At the absence of forward guidance from the US Federal Reserve Board, increased volatility and lower liquidity are expected in 2015, says Paul Chan, Chief Investment Officer, Asia ex-Japan, Invesco. Chan believes that the chase for yields in a low growth, low rates and volatile environment continues for investors, and that equities bull market will prevail but at a slower pace.
Chan says US equities and the US dollar are going to lead other markets. "Bcth the US economy and US dollar are rebounding at a rate faster than the rest of the world. US equities are trading at fair value, and investors should note that there are a considerable number of quality companies in the US market. Investors should focus on companies with successful cost control and efficient capital allocation polides," Chan explains.
Markets around the world are in the restoring phase of the business cycle, meaning economic activities, production and investment are picking up steadily. In addition, commodity prices, especially oil price, are returning to pre-crisis levels, and in return allowing most oil importing countries in Asia, particularly the ASEAN countries, to lower cost.
"The new leadership in China, India and Indonesia promulgates positive reform direction to their respective countries. With valuations of Asian ex-Japan equities now at historical bottom, I see investment opportunities in selected quality names in Asia. On the other hand, the headwinds for Asian equities will come primarily from the appreciating US dollar pushing up production and export cost for China and other Asian countries.
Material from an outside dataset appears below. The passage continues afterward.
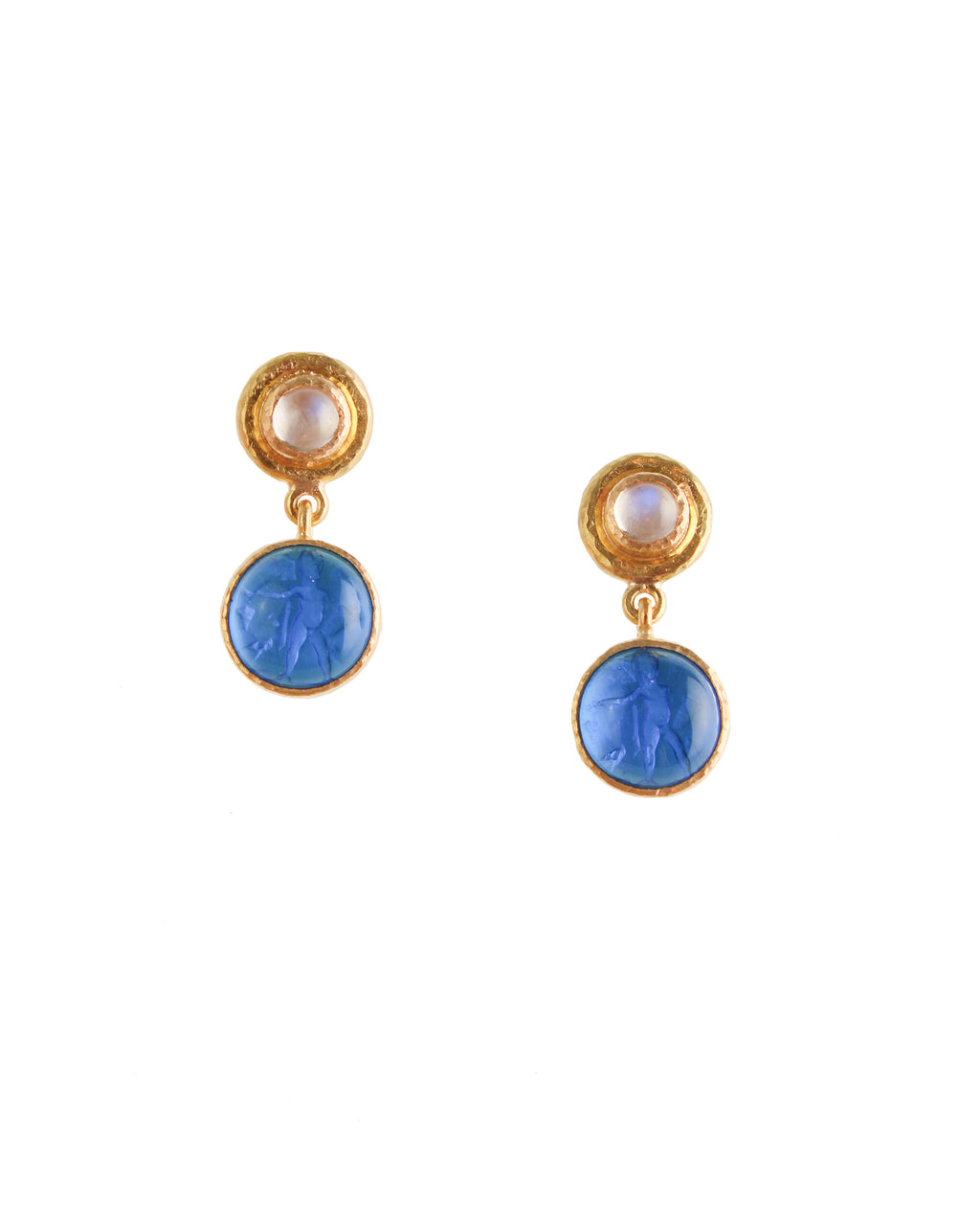 Peacock 'Cabochon Putto and Duck' Earrings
Domestic industries also need to transform if they are to see re-rating. One crucial change that Asian companies need to consider is the adoption of technology, an area that most companies in the region are still lagging behind," Chan says.
Low inflation rates and strong US dollars are the main themes for fixed income investment in 2015. Although the Federal Reserve may raise short-term interest rates, long-term yields in the US are unlikely to rise extensively when inflation remains low. Meanwhile, China, Australia and India are likely to have interest rates cut. The US dollar may strengthen against Euro, Japanese yen, commodities currencies, including Australian dollar and Canadian dollar, as well as most emerging market currencies.
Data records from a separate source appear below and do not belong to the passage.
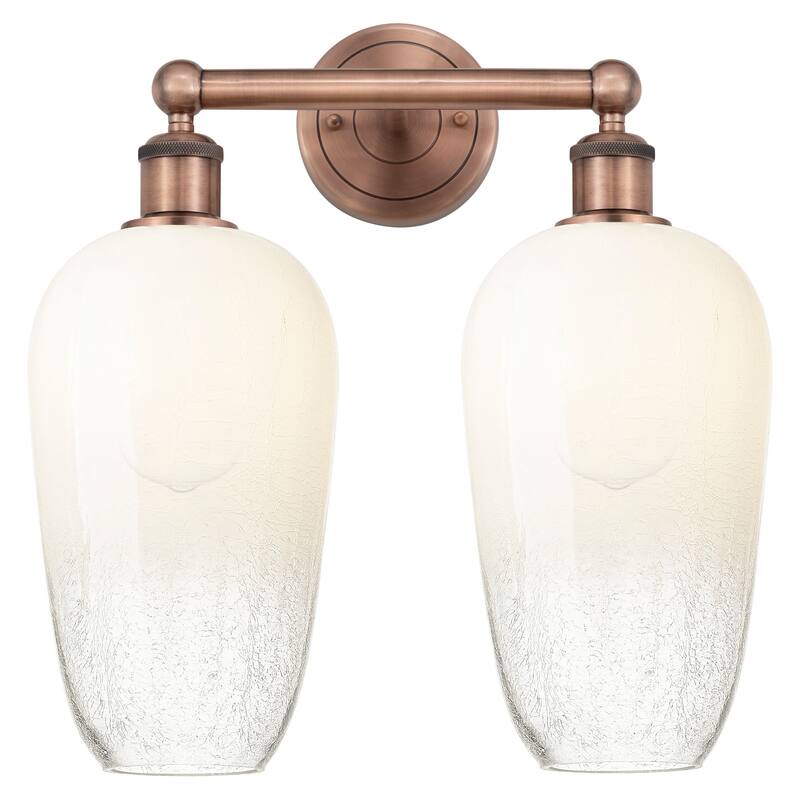 Innovations Lighting 616-2W-18-16 Brookhaven Flute Vanity Brookhaven - Antique Copper / Opal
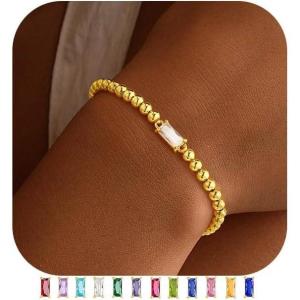 Yoosteel Dainty Birthstone Bracelet for Women – Elastic 14K-Gold-Plated Bead Bracelets Trendy Friendship Birthday Jewelry Gifts for Women(04.April(Clear CZ))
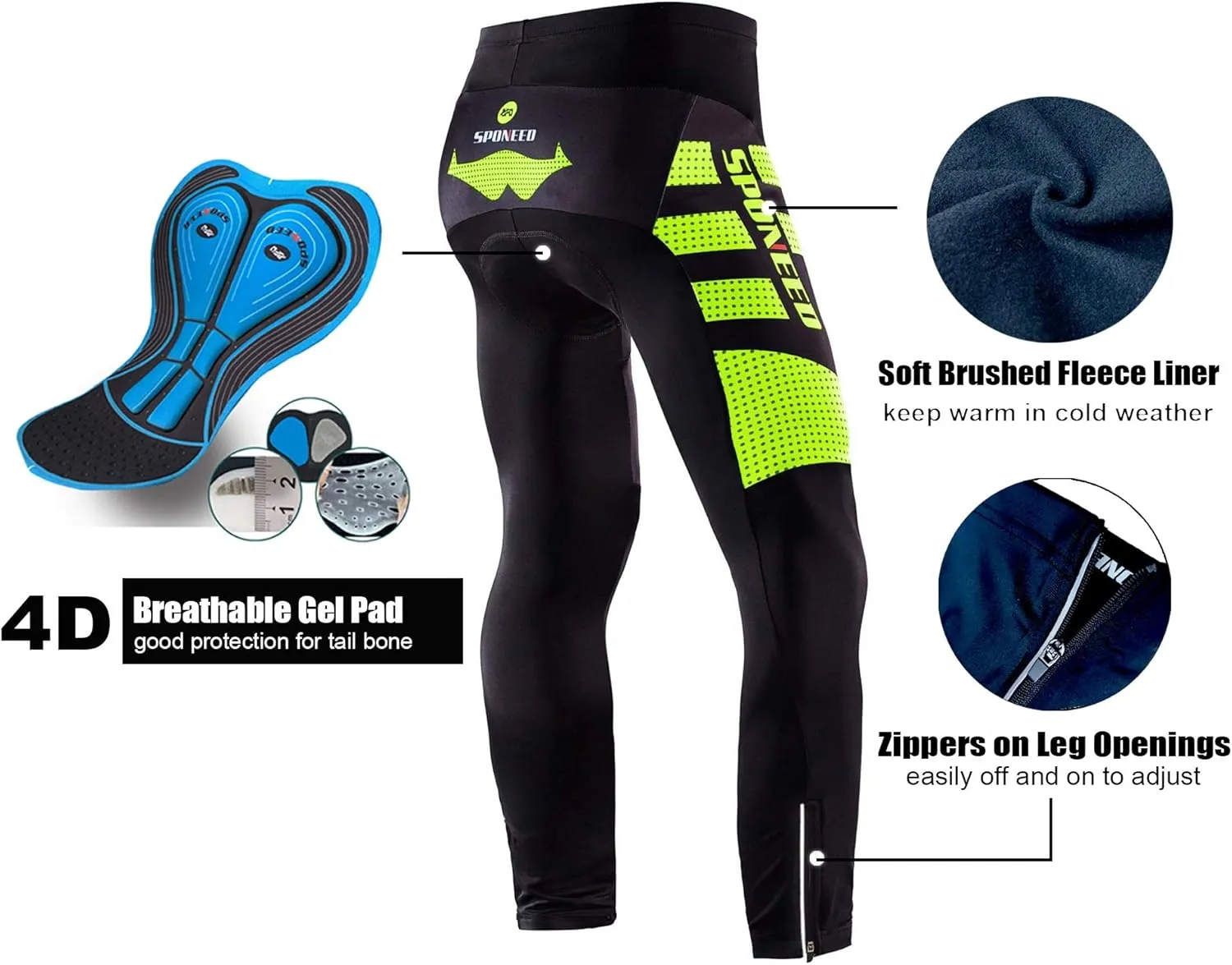 sponeed Men's Bicycle Pants 4D Padded Road Cycling Tights Leggings Outdoor Cyclist Riding Bike Wear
"While most emerging market and major currencies are likely to weaken, I believe the Chinese yuan and Indian rupee will remain more or less stable against the US dollar, if the economic reform momentum in both countries prevails," says Ken Hu, Chief Investment Officer, Fixed Income, Asia Pacific, Invesco.
Corporate bonds of both high grades and high yields offer investment opportunities when inflation is low; however, investors may face higher market volatility.
"In emerging markets, bonds from the commodities consumption side offer opportunities, while the ones from commodities production side may not," explains Hu.
"We see opportunities in both onshore and offshore Chinese yuan bonds, except for onshore Chinese yuan high yield bonds due to the rising corporate default and distress rates in the onshore bond market. In addition, Indian domestic bond market has just entered a bull market. High yields, disinflation and inexpensive Indian rupee make the asset class attractive," Hu adds.